Since deregulation of the cable television industry in 1996, rates have more than doubled. At the time, the legislation was heralded as good for consumers, but what followed was a constant stream of mergers combining many small options into a group of much larger cable providers. This past week, the two largest providers in the United States, Time Warner Cable (NYSE: TWC) and Comcast (NASDAQ: CMCSK), announced a merger worth $45 billion that they claimed was great for consumers and competition. It will be great for consumers, but not in the way that this giant company thinks.

Cable executives report this as a merger that will bring a better and more efficient cable distribution experience for several reasons.
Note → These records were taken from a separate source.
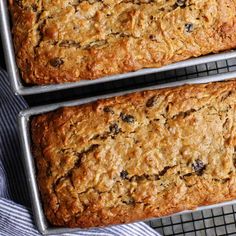 two loafs of oatmeal bread on cooling racks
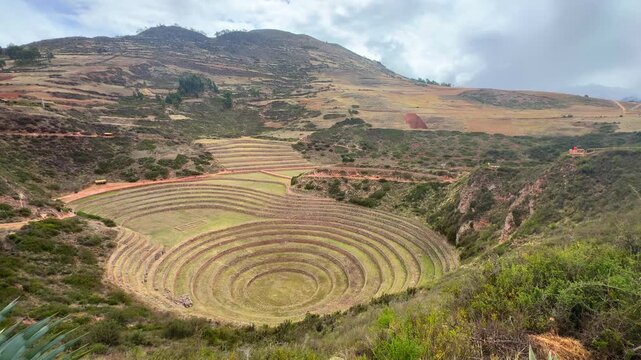 Sacred Valley Moray Zona arquelogica Moray Peru Per&uacute; circular terraces Salineras de Maras rainy season sunny cloudy Peruvian Andes Mount Patacancha Chic&oacute;n Ancopacha Ollantaytambo Cusco region pan left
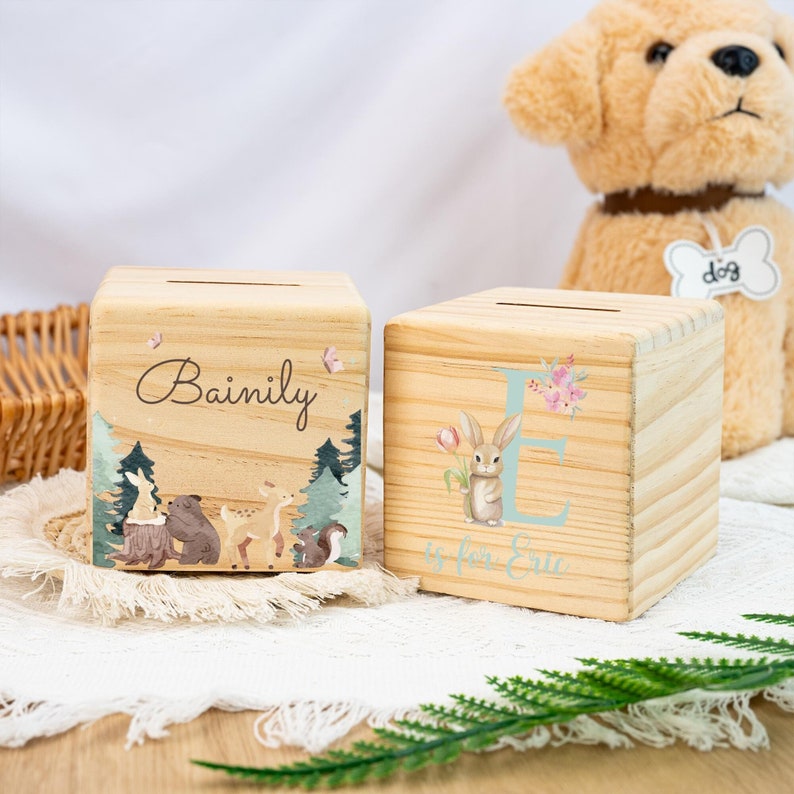 May include: Two wooden money boxes with personalised names. One box features a woodland scene with a bear, deer, and squirrel. The other box has a light blue letter E with a bunny holding a pink flower. The text "E is for Eric" is written below the letter.
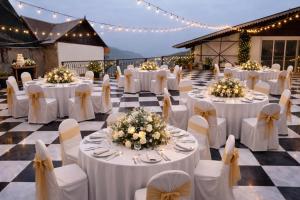 a banquet hall with white tables and chairs and lights at Cochrane Place By Teesta Hotels in Kurseong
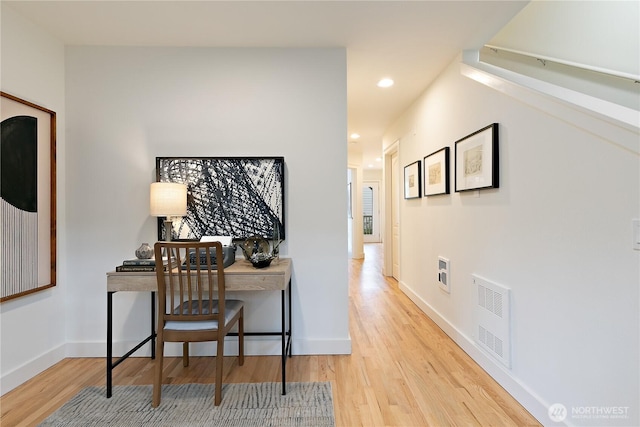 office featuring recessed lighting, visible vents, baseboards, and wood finished floors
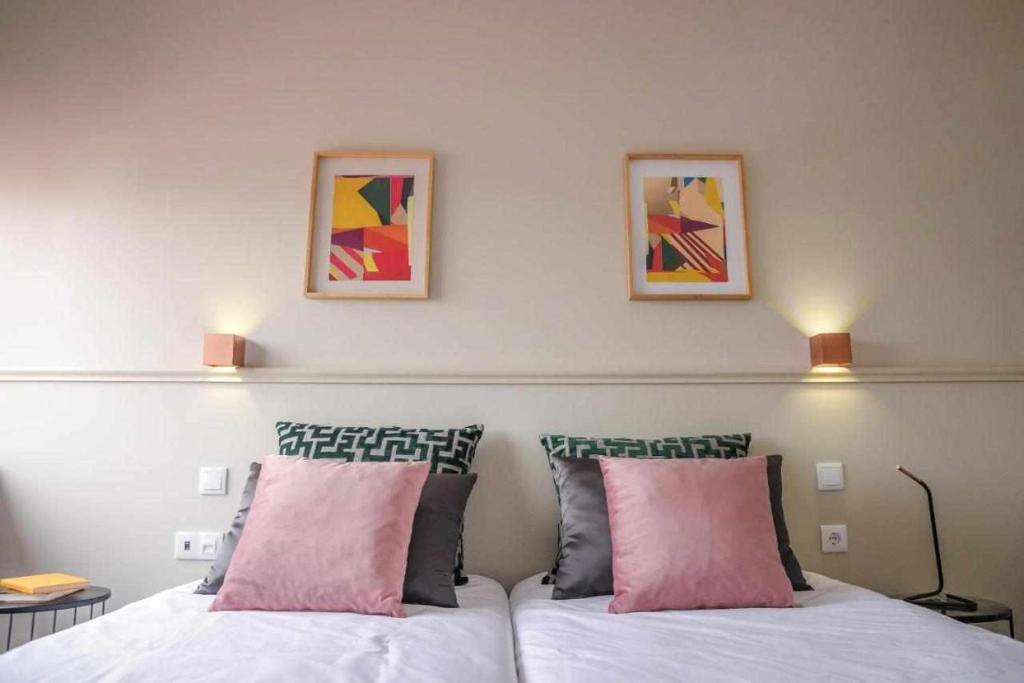 马亚Hotel Singular Porto Aeroporto的卧室配有两张床,墙上挂有两张照片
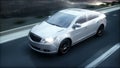 Luxury white car on highway, road. Very fast driving. Wonderfull sunset. Travel and motivation concept. Realistic 4k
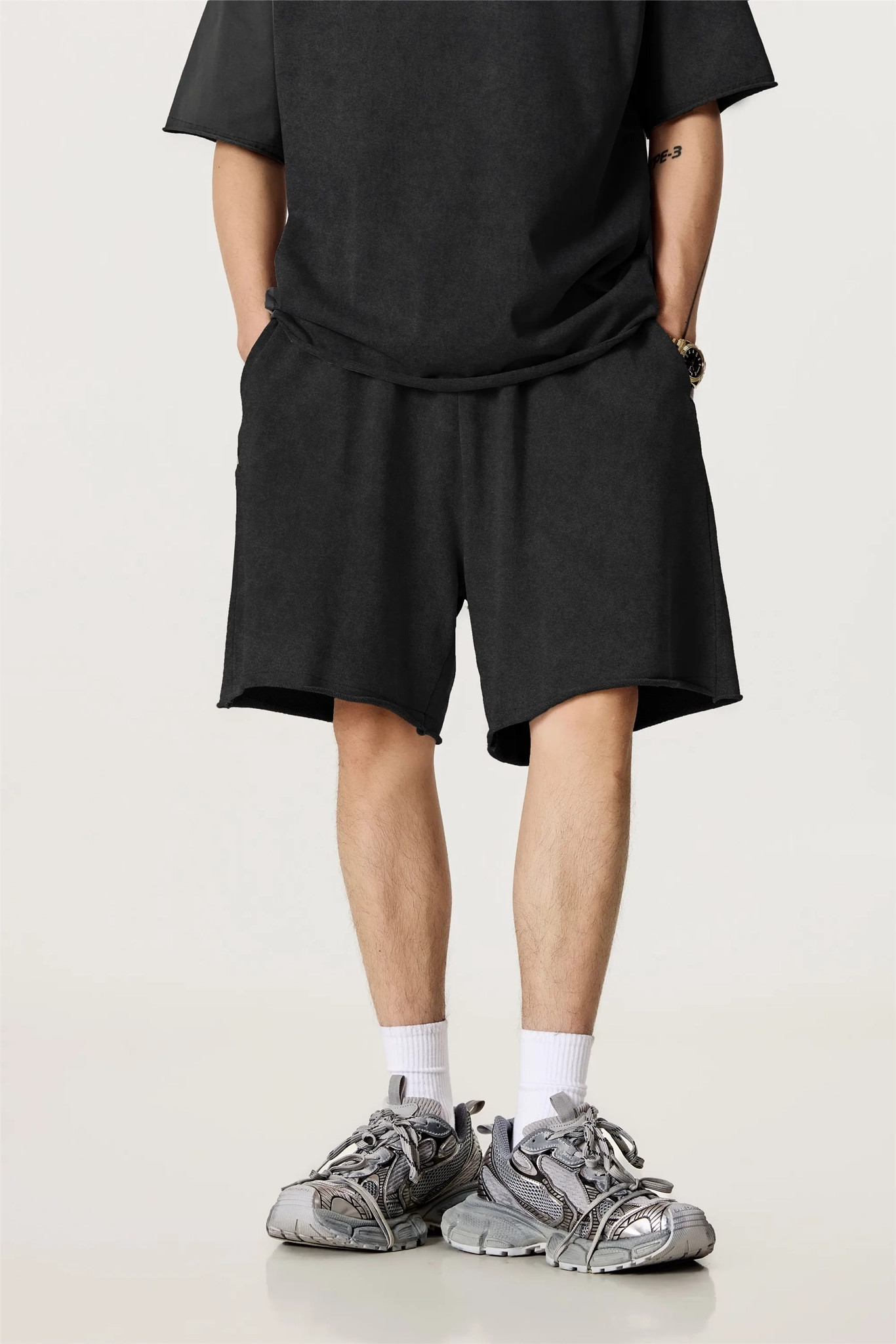 Person wearing a black outfit with shorts and sneakers on a white background
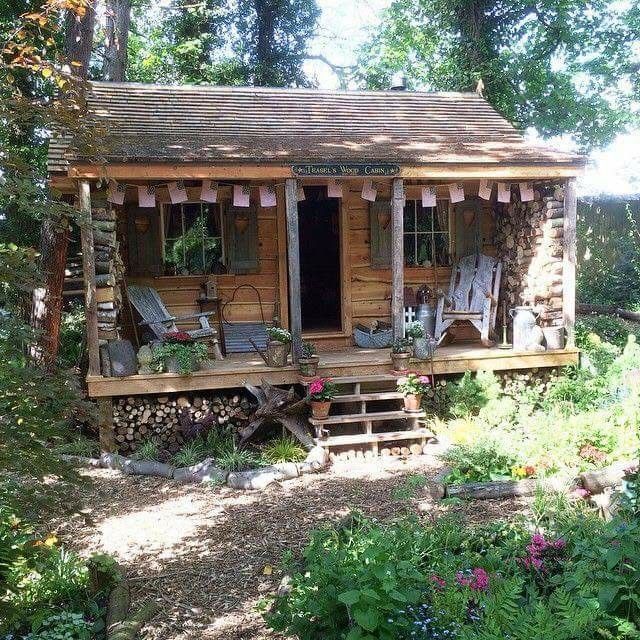 a small wooden cabin in the woods surrounded by flowers and trees with chairs on the porch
It will give them more leverage with program developers like CBS. This would prevent blackouts like the one that lasted for roughly a month last summer, or the more than 80 other smaller ones that occurred last year.

The larger coverage would also allow them to provide better customer service due to the economies of scale, saving $1.5 billion, according to the Chicago Tribune. In addition, the more resources consolidated in one company would allow them to develop new products to compete with the now commonplace non-cable alternatives.

Not so fast

These ideas all have merit and could be supported with facts. However, history and psychology would suggest that companies are profit-driven, and therefore, act in their self interest to work toward the specific incentive of making more money. I do not expect these two companies to be any different. This initially does not bode well for consumers for a few big reasons.
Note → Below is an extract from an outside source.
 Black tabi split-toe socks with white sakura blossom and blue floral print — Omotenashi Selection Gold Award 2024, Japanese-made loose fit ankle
Time Warner Cable and Comcast combining would merge control of about a third of the country's cable customers into one company. Customers are already stuck paying whatever these companies decide in the many areas where they are the only option for cable. The two giants do not provide in any of the same zip codes across the country. With any luck, this will only keep rates at their current levels, rather than encourage an increase.

In addition, these two companies have placed at the absolute bottom of customer service quality lists for years. Putting them together does not suggest an improvement in this area.

Bye-bye, cable

All of the changes that come along with this merger could be good for consumers or bad for consumers, depending on which side you ask. However, this merger will ultimately be bad for the business and stock prices of both Comcast and Time Warner Cable because it will mark the tipping point for consumers to start "cord-cutting."
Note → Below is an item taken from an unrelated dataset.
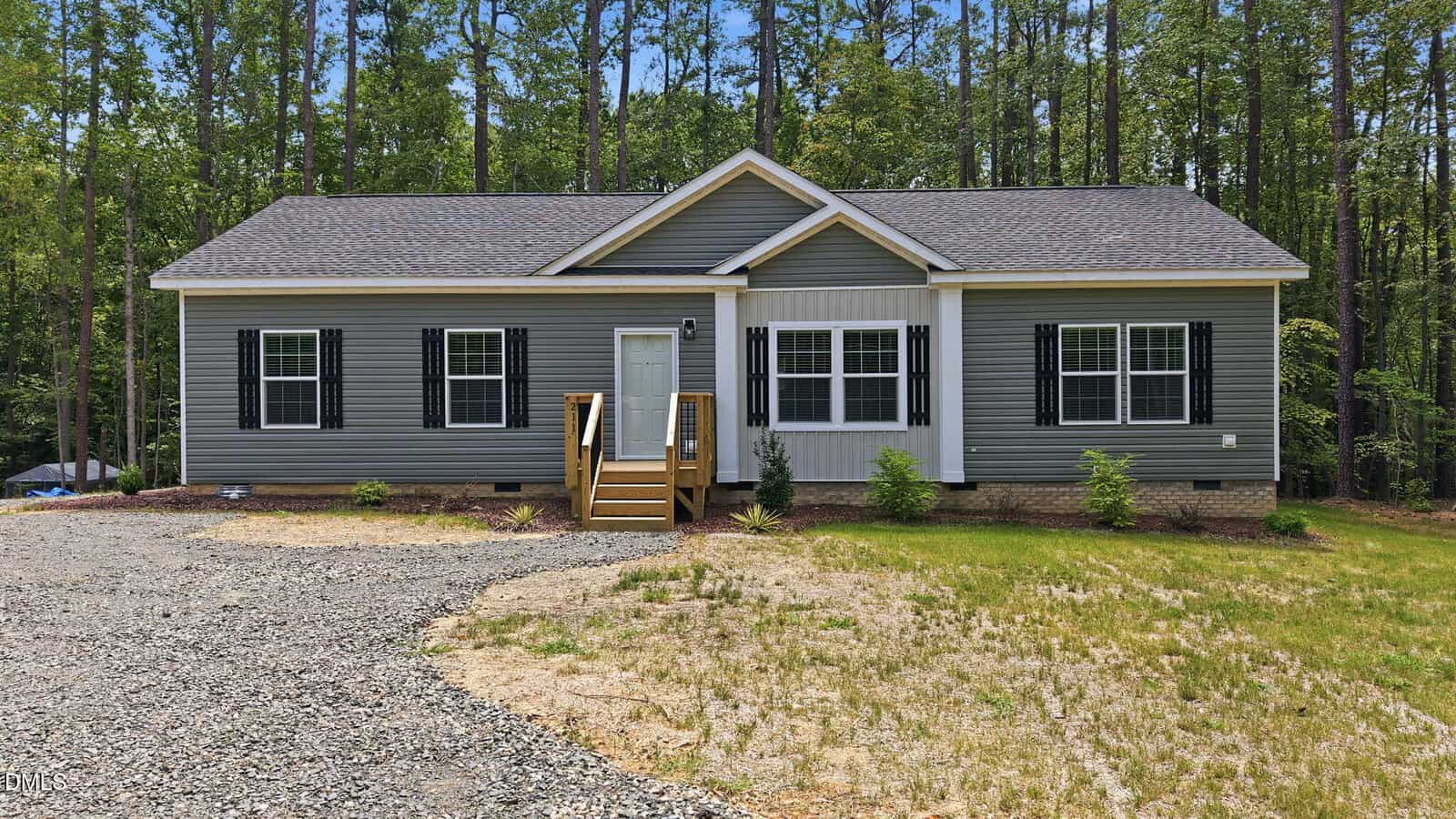 Single-story gray house with white trim, black shutters, a small front porch, and gravel driveway located at 211 Old North Carolina 75 in Stem, set against a backdrop of tall pine trees and green grass.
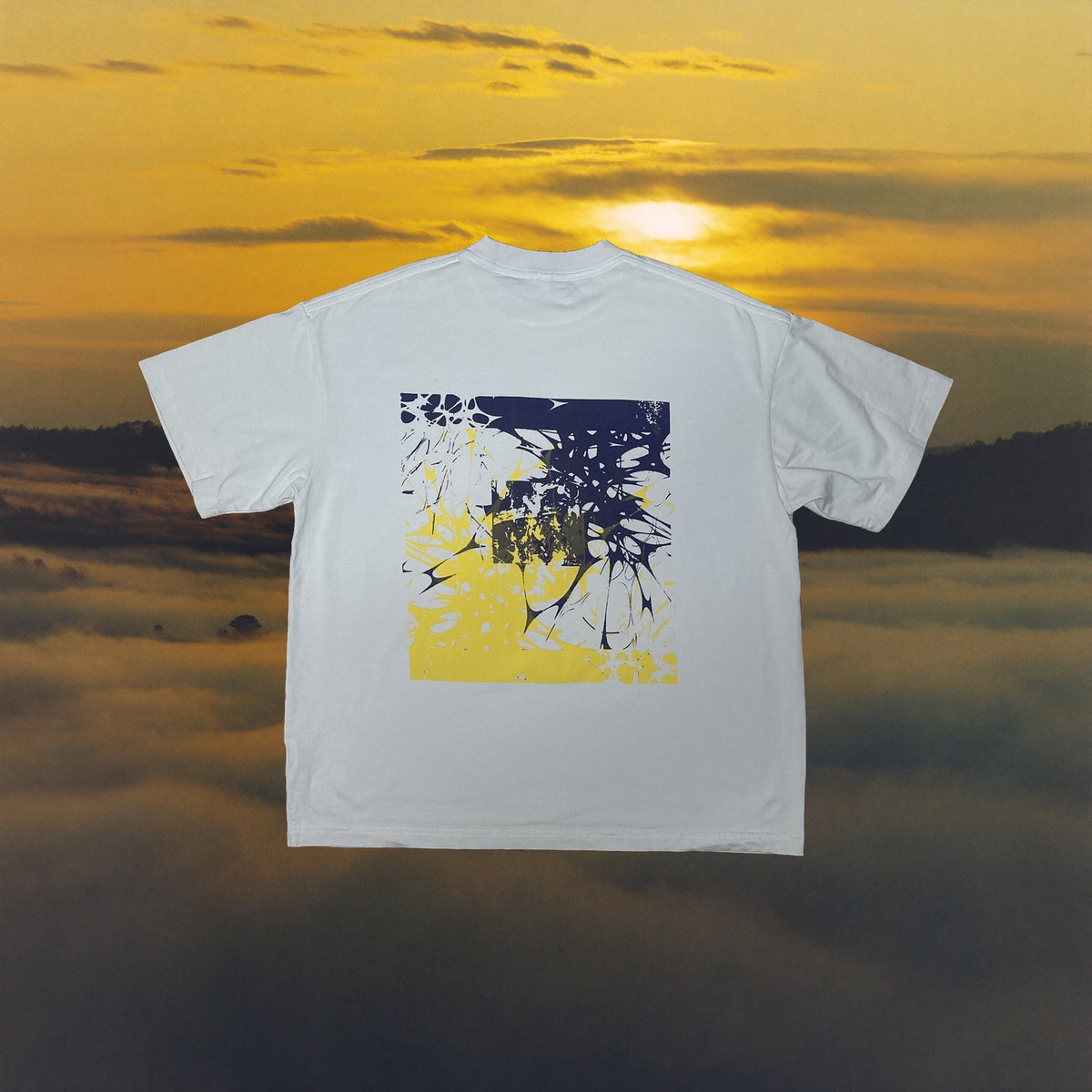 Sage tee with yellow and navy shattered glass back print, golden sunset backdrop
Cord-cutting is when customers decide to end their cable provider agreements in lieu of the many Internet provided alternatives like Apple's iTunes, Netflix, Amazon.com, and HBO GO TV to name a few. This trend is accelerating. Last year was cable's worst in losing subscribers, a net 113,000, according to the research firm MoffettNathanson. 

As the companies combine their services more and more over time, the high rates, low customer service quality, and lack of options for other cable providers will push more and more potential customers toward these low commercial, on-demand options. Those two features alone are enough to make many people already split their time between cable programming and other alternatives.

These cable providers claim that this larger company will enable them to bring a competing service to the market, but this will be too little too late. These other services already have the infrastructure, customer base, and branding in place to succeed over cable company products that are late to the market. Consumers are deciding enough is enough and it is too late for cable providers to reverse this trend, no matter how big they get.